Retinal Vein Occlusion A clinical study of electrophysiology, certain prognostic factors and treatment

Abstract: The influence of the factor V Leiden mutation on the development of neovascular complications in central retinal vein occlusion was studied. The presence of the mutation was found to enhance the risk of developing neovascular complications almost threefold compared to in patients without the mutation. Optic nerve head swelling, which recently has been presented as an indicator of good prognosis in central retinal vein occlusion, was not found to be of any certain prognostic value in our study, whereas the prognostic value of fluorescein angiography, full field ERG and initial visual acuity in central retinal vein occlusion was confirmed. Full field electroretinography (ERG) was evaluated as a prognostic instrument for neovascular complications in hemi retinal vein occlusion. The cone b-wave implicit time in the 30 Hz-flicker ERG was shown to be of prognostic value. Multifocal ERG (mfERG) is an objective method for assessing the function in the central retina, but has not been used much in patients with retinal vein occlusion. We performed a pilot case-control study where we found that the mfERG responses in eyes with branch retinal vein occlusion significantly differed from the responses in the control eyes. In a second study we investigated the mfERG responses in correlation to other clinical parameters to try to get a better understanding of the underlying pathophysiology of the mfERG responses.

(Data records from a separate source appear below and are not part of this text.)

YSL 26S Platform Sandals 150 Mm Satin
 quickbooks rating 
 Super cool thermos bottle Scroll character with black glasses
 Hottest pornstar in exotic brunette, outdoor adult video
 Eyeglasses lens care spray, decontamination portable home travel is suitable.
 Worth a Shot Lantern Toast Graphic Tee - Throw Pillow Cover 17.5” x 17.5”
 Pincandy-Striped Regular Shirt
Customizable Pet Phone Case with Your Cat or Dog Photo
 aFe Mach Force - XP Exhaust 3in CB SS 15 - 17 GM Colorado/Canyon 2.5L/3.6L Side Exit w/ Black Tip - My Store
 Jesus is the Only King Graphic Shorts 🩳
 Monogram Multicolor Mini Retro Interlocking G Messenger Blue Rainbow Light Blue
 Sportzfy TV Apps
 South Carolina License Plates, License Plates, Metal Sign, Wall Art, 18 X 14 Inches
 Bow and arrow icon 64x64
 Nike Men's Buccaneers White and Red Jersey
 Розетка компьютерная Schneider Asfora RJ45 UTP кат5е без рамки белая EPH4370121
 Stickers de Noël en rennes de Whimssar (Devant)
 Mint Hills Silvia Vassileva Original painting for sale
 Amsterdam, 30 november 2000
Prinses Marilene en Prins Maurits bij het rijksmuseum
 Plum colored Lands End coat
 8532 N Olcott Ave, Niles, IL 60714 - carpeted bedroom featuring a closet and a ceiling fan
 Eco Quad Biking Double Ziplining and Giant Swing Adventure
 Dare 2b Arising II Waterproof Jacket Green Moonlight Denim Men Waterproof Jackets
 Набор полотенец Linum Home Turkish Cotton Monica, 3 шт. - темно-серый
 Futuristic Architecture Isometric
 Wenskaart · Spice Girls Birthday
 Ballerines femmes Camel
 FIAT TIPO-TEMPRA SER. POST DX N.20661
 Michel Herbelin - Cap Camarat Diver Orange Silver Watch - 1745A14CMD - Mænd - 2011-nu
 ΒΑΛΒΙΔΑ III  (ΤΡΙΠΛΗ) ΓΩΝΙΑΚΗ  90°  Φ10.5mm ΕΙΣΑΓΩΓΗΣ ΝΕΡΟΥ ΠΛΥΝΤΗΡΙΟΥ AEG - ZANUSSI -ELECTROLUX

We found that macular ischemia as measured by fluorescein angiography correlated well with reduced amplitudes and prolonged implicit times on the first order kernel in the mfERG. The strongest correlation was between macular ischemia and prolonged implicit time. A trend towards reduced amplitudes in eyes with central retinal thickening was present, but this was not statistically significant. In a retrospective case series an initial positive effect of vitrectomy for non-ischemic macular oedema in central and hemi retinal vein occlusion was shown. The macular oedema was significantly reduced at 1 and 2 months after surgery, whereas the visual acuity was improved after 1 month but not thereafter. No beneficial effect was seen in the long term.